Les notes sont dégradées en fonction des desiderata des financiers dominants et « les taux d’intérêt des banques montent (alors que les taux auxquelles les banques empruntent baissent) ». Au passage, après avoir laissé faire un Madoff ou un autre (qu’il soit un « électron » libre ou le président d’une banque, d’une mutuelle, d’une compagnie d’assurances de ce que l’on voudra), on sauve un peu les meubles de quelques affidés : « le liquidateur de l’affaire Madoff réclame 1 milliard de dollars à BNP Paribas… Ah oui, mais là, il s’agit de défendre de riches investisseurs ! ». Il y a parfois des dérapages, comme dans l’affaire Bernard Tapie contre le Crédit lyonnais, avec les conséquences que l’on sait : là, c’est directement le contribuable qui est mis à contribution, épiphénomène…

Achat, vente, du pareil au même

Toute transaction financière, qu’elle entraîne une perte ou un gain, enrichit les intermédiaires. Environ le tiers du prix d’un baril de brut s’évapore chez des spéculateurs. Un jour, le dollar australien est considéré à risques, l’autre la livre sterling est décrétée « valeur refuge », qu’importe, son tour reviendra. Les bonimenteurs commenteront à l’envie.

Ainsi de Valéry Giscard d’Estaing qui, toujours dans Le Point, alors qu’il n’avait rien fait pour contrecarrer les mesures prises sous Pompidou pour déréguler la finance, vient dénoncer les spéculateurs. « Les remous entraînés par le risque de défaillance des dettes souveraines de certains Etats européens, notamment la Grèce, étaient en train de s’apaiser, en raison des décisions judicieuses, quoique tardives, prises le 21 juillet. La spéculation, voyant s’éloigner ses espérances de profit, a cherché de nouvelles occasions. Elle pensait les trouver en Italie. Mais la baisse de la notation des États-Unis lui a proposé un autre choix : est-ce qu’un événement semblable ne pourrait pas concerner un grand pays européen, et alors, lequel ? Son attention a été attirée sur le cas de la France, en raison de l’augmentation massive et constante de son endettement. ». On les a entendus beaucoup, les ex-proches de VGE, sous Balladur par exemple, s’inquiéter de la croissance de la dette ? Pas vraiment davantage que lui-même, qui, aujourd’hui, donne des conseils de vertu.

La finance pousse à l’endettement, réalise des profits, puis à l’austérité, pour récupérer quelques pertes, et refaire des profits.
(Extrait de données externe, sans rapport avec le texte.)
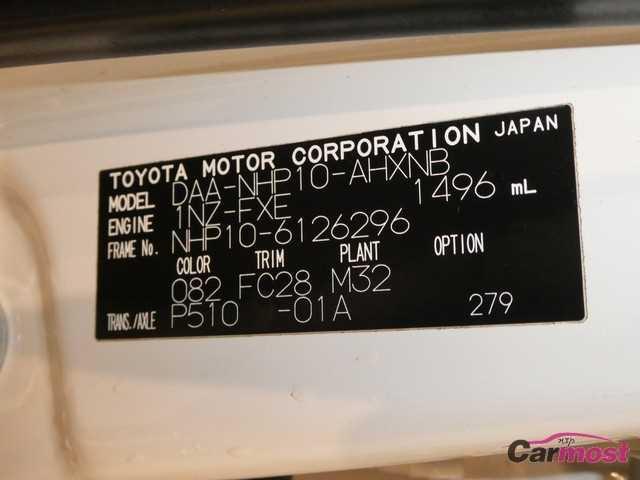 2013 Toyota AQUA CN 32423007 Sub16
Gagnant-gagnant pour les uns, au final, perdant-perdant pour les autres même s’ils se donnent l’illusion, un temps, en empruntant, de se donner du lest.

Dans un pays comme la Roumanie, il y avait deux banques et pas de dettes (mais aussi au prix d’une formidable austérité imposée au plus grand nombre). Il y a désormais près de 800 banques et établissements financiers. Pour un effet d’annonce dicté à Basescu par Merkel, la Roumanie clame à présent qu’elle souhaite rejoindre la zone euro en 2015. « Ne riez pas, » a déclaré Basescu aux journalistes l’attendant à la sortie de son entrevue avec la chancelière allemande.

Vrai-faux « parler vrai »

Sur le tard, comme VGE, certains, qui n’attendent plus grand’ chose pour eux-mêmes, comme Jacques Attali, se permettent un peu de parler vrai. Ainsi de dire à Europe 1, « la note française correspond à AA », et non au fameux triple A. Question de temps… Standard & Poor’s n’a sans doute que légèrement différé une dégradation qui viendra, si ce n’est d’elle-même, de Moody’s ou de Fitch Ratings. Slate considère, au sujet de la fausse-vraie ou vraie-fausse annonce de dégradation par S&P : « on ne voit pas comment une erreur aurait pu se produire si, d’ores et déjà, l’analyse n’avait pas été déjà anticipée, concluant à la perspective d’un changement de note… ».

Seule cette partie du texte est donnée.